Ironically, that embezzlement by Rathke's brother, its cover up as a purely internal matter for many years and then the leaking of the story by a disgruntled ACORNian will turn out well for America, albeit not in time to prevent the election of Obama and a Democrat-controlled Congress that tugged America to the left with programs exemplified Obamacare designed to fundamentally transform an America that needs faithful adherence to its fundamental values, not fundamental transformation to socialist income and wealth redistribution and Big Government.

In 1970 wily Wade Rathke founded ACORN, initially Arkansas Community Organizations for Reform Now, later Association of Community Organizations for Reform Now.

Rathke served as ACORN's Chief Organizer for about 38 years and left only after the way he had dealt with his brother's embezzlement of ACORN funds leaked.

Rathke's website, www.chieforganizer.org, permits Rathke to share his views with the world and he does so, frequently.

These days Rathke is warning House Investigations Committee Chair-in-waiting Darrell Issa not to delve into the origins of the financial crisis.

In "Darrell 'McCarthy' Issa and the Non-Profit Purge" (http://chieforganizer.org/2010/11/05/darrell-%e2%80%9cmccarthy%e2%80%9d-issa-and-the-non-profit-purge/), Rathke wrote:

"Issa is vulnerable...because in his own district, California #49 with huge portions of Riverside County and northern San Diego County, he is in fact sitting on a powder keg. Riverside is in a virtual tie for #1 in the number of homes at some stage in the foreclosure process in California involving 5% of the property holders and more than 35000 homes in the first six months of 2010. This is some bad stuff sticking to Issa's shoe.
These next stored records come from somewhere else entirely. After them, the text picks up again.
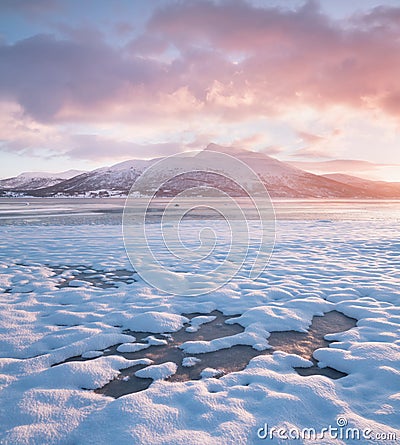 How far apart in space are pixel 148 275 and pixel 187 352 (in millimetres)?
4493

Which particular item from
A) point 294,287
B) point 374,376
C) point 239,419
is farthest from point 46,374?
point 294,287

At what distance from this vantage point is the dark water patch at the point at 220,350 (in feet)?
12.7

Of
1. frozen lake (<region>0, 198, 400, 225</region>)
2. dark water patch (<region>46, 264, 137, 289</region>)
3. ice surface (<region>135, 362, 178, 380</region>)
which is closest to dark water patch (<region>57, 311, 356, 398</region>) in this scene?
ice surface (<region>135, 362, 178, 380</region>)

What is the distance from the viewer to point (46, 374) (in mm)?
3887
Folks barely hanging on wouldn't necessarily think they have a friend in Issa, since he was ranked as perhaps the richest member of the 111th Congress with over $225 million net worth. He might understand afterall that 'all politics is local' and he has to do more than just talk about it to hold onto a base in the 49th.

"Add that to the fact that his district is less than 60% Anglo and a solid 30% of his district is Hispanic though it goes without saying he's terrible on immigration reform issues, and there are some unhappy people in the 49th . Gore won this district when he ran for President. Bush did better on his second shot, but McCain barely won against Obama. If we had a real progressive movement in this country, Issa would be on a short list of targets for retirement from Congress."
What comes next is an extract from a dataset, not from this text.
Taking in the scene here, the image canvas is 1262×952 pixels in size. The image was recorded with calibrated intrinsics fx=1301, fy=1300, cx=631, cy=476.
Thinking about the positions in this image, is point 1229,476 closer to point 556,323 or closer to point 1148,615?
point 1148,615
Rathke wittily depicts Issa as "scary."

Rathke:

"Darrell Issa...was interviewed the day after the election about how he saw his 'work' shaping up. It was a little late for Halloween, but it was scarier than the worst fright movie.

"Some commentators took Issa's remarks as conciliatory, which must be the result of post-traumatic stress or an abused child syndrome, because every one of Issa's comments was buried in speculations, inaccuracies, illegalities, and opinions masking as facts."

Rathke elaborated:

"[Issa] started out with some comments about wanting to be a 'reformer-in-chief' and swearing that he wanted to not just bring down Obama, but sully up Bush as well by naming out Freddie, Fannie, and Countrywide as targets and throwing in the BP and Gulf's oversees at the Mineral Management Service for good measure. This is well plowed ground, so good luck, Congressman, though given the right's obsession with the Community Reinvestment Act and the blame game about CRA and this crises (totally unfounded), I don't really have good feelings about his motivations there either."

If Issa's motivation is to uncover the truth and put the financial crisis in context — and it appears to be, then Team Obama has reason to be very nervous and Rathke should not expect to have "good feelings."

What exactly did Issa say that Rathke admittedly found "frightening"?

Issa:

"I think it's very important that we look at ACORN as something that occurred, it was criminal activity and it used government money and nonprofit money both to do politics. There's certainly going to be other examples on the left and on the right where we at least have to deny them nonprofit status and government money if what they're doing is being overtly political..."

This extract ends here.